I was very happy with it and I remember I was especially taken with the ribbon fringe.

The reason this sticks in my mind at all, though, is that I got such a telling off from my mother for wasting it all and not sewing it properly.

I’m tempted to say I’m still scarred by that today – not necessarily by the single instance but by the general waste-not-want-not mentality – but ‘scarred’ is probably too strong a word. If everyone was more like my mother we would not have a hole in the ozone layer. I should probably say something like ‘affected’ and this quilt has demonstrated that, although I only realised that after I had finished it.

For the backing I used an orphan block and the batting is a piece of quilt that has had several previous incarnations.

First I made two quilts…

Then, when the sofa quilt got faded by the sun, I combined them into a table cloth…

When that became further faded and too stained, some of it became an ironing board cover…

And the buttons and notions are sewn on with the end of the thread I used for the quilting, not so much as a design choice as to avoid throwing it away!

I have no clue what became of that first random foray into dressmaking but, with hindsight, I think I should consider it my first piece of textile art!

Please visit The Endeavourers to see what everyone else has made.
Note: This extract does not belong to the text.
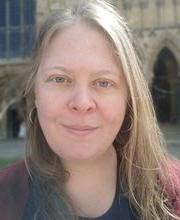 Dr. Kyla Bender-Baird with long straight dirty blonde hair wearing a black and maroon top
These Reveals are always an inspiration and I can’t wait to see them all :)

Janine @ Rainbow Hare

6 thoughts on “Waste Not, Want Not

  1. piecefulwendy

    This just has me smiling, as I recall some of the things I did as a young creative. Too bad you don’t have that piece any longer. It would be delightfully fun to see it now! I love the joy in this piece!

    Like

  2. Catherine

    I think you have obviously been set on a very joyfully creative course from a very early age! So hopefully the telling off has not cramped your style too much, and was just the incentive for inventive use of materials :-). I love this piece – like your others it is very happy.

    Like

  3. TextileRanger

    Oh, this is so wonderful! I got one of those embroidery sets as a child too — and I dutifully followed the chart and put each awful color where they said to put it. I hated the moss green of the trees, the gawdy gold and blue of one dress, and the light blue and red combination of the other dress! Nothing went together! But I finished it.

    Later my mom bought me a kit for a cross-stitched bedspread and matching sampler, and I hated those color combinations even more, but I finished that whole thing too! My grandmother’s quilting group hand-quilted it for me — and then I gave it away as soon as I could. If only I had known one could buy individual skeins of embroidery floss, maybe I could have saved it.

    So I think your use of those childhood supplies was a much better idea. You might have gotten a scolding, but you didn’t doom yourself to hours of work with ugly colors. :)

    Liked by 1 person

  4. Kim Sharman

    Even as a six year old you were filled with magical creative talent. You have continued on that whimsical yellow brick road of yours delighting us all with your clever imaginings. I love the many lives of those two lovely quilts.